=== TASK TO CARRY OUT ===
The listing below is to be written out word for word, minus its images.

=== SUPPLIED INFORMATION ===

**********

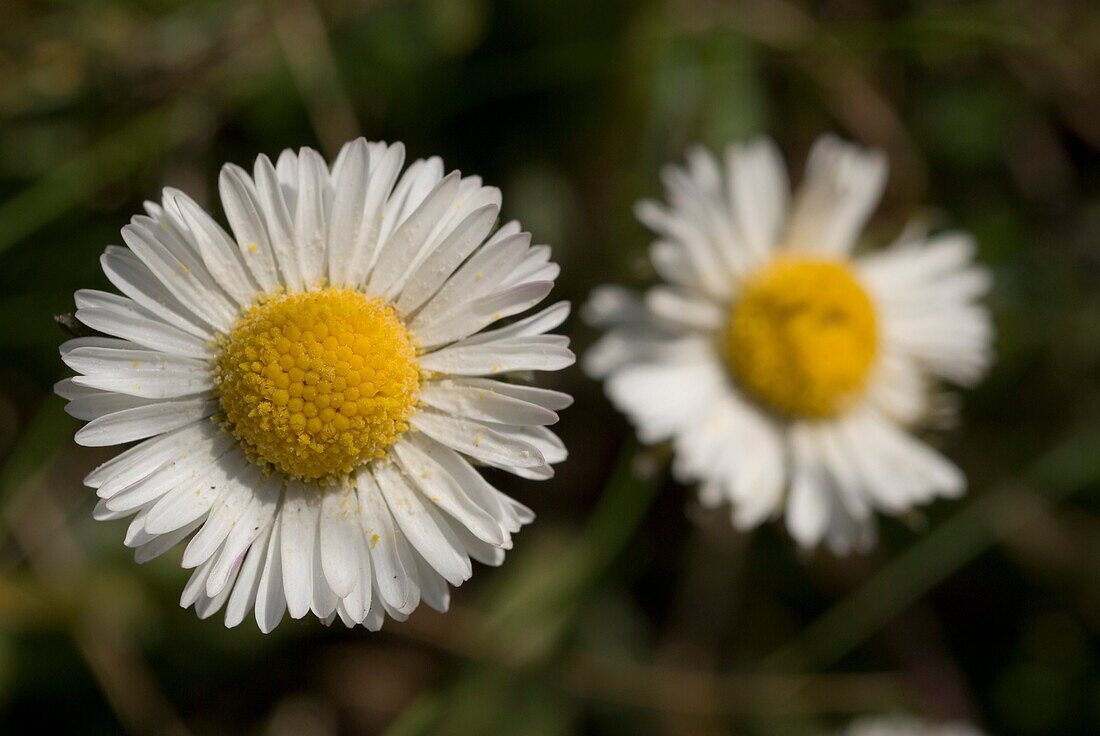 Southern Daisy Bellis sylvestris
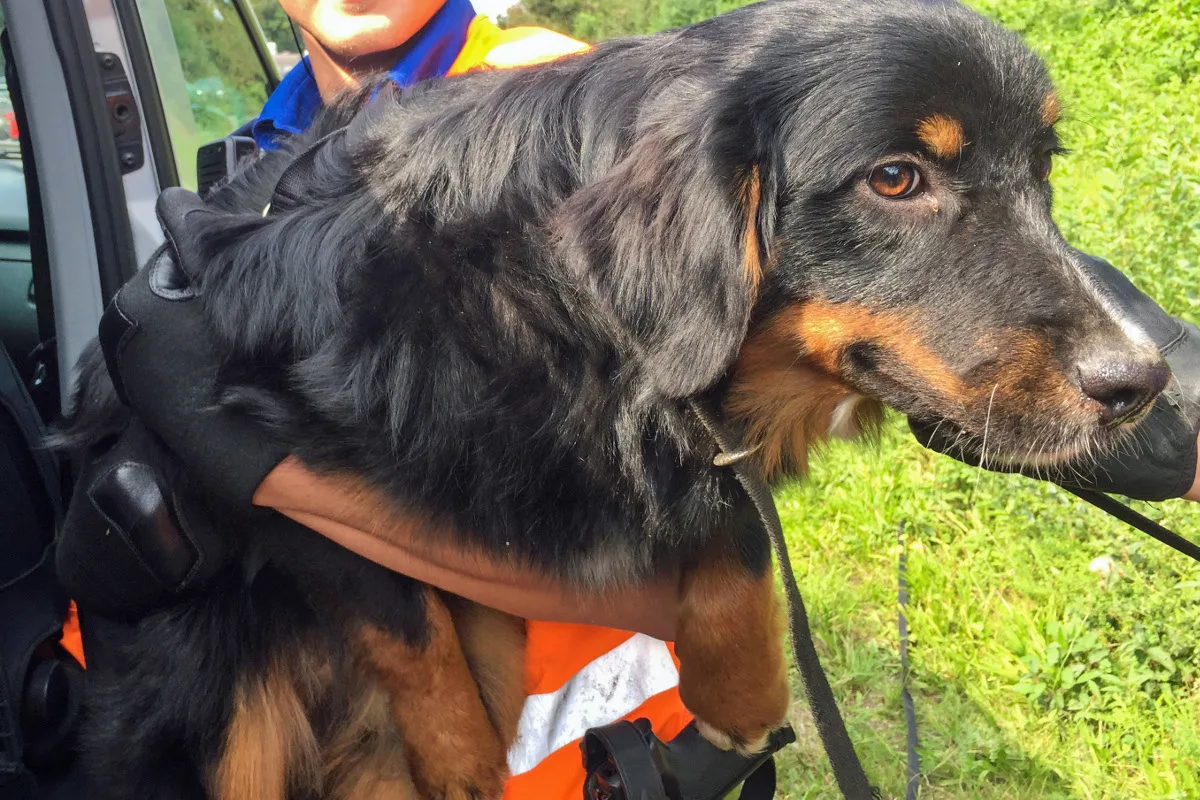Inwil LU - Berner Sennenhündin Dora hält Polizei auf Trab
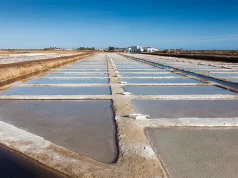 The Tavira Salt Pans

**********

=== RESULT OF THIS TASK ===
 Southern Daisy Bellis sylvestris
Inwil LU - Berner Sennenhündin Dora hält Polizei auf Trab
 The Tavira Salt Pans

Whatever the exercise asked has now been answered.